Stick with what you're comfortable with and what works for you in your area and for the fish you target. I would still use 6 lb for drop shot and maybe bump up to 8 lb for Texas, Carolina, Lindy, etc...... As far as casting distance, I generally work close to the shore line or identified structure, cribs, ponts, ertc. and distance isn't an issue. Actually, 40 yards seems extremely long, even for a lure (top water, deep runner or anything in-between) for the places I fish?? If I'm fanning an area with an artificial, I'm usually only putting it out there maybe 15-20 yards max (usually less). I'll bump up to 12 lb for trolling (for bass, walleyes etc., obviously much larger for deep water large fish) and be back maybe 25-40 yards depending on conditions & speed.

Anyway, seems like you do fine with your line & method for your targeted fish and location - I wouldn't change a thing....


----------



## shootisttx (Dec 1, 2008)

The only flouro I have used is Berley Transition...seemed very wiry and brittle to me, so I stripped it all off and have gone to Sufix Elite mono and various braids...am I missing the boat here?

I fish lipless cranks and spinnerbaits about 80% of the time, the rest with plastics...I know to use mono with topwaters.


----------



## russ010 (Dec 1, 2008)

That Berkly Transition is a lot of crap in my opinion.. I've tried it numerous times in different lb ratings and never was satisfied. I use fluoro for everything because it sinks faster than mono. With cranks, it will generally give you about an additional foot of cranking depth, worms will fall faster, so most time you don't need a larger weight if Texas Rigged. As far as topwater - I still use fluoro - but this is only because I don't do too much topwater fishing.
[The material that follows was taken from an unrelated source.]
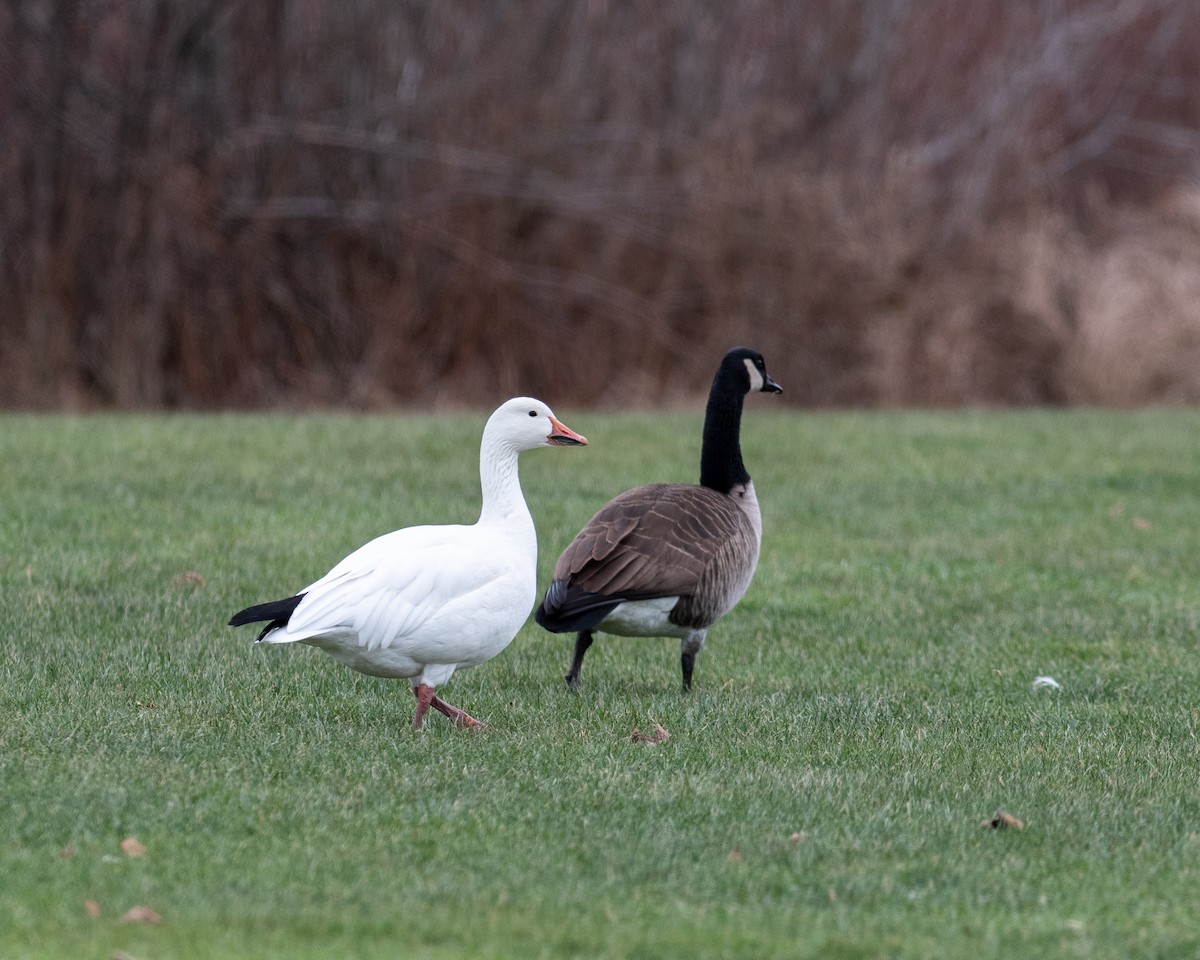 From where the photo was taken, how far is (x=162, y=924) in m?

Triple Fish was my main Fluorocarbon, but where I buy it from is discontinuing selling because not every batch is up to snuff and they (Triple Fish) won't refund bad spools. That's when he turned me to Seguar fluoro and I don't plan on turning back, esp for $13 per 200yds. I can probably find it cheaper online, but I like to test the first yard of any spool that I buy. I'll pull off about a yard of line, tie an overhand knot in the center then pull it to see if it breaks easy. If it breaks, I put it back - if it doesn't it goes in the shopping cart.


----------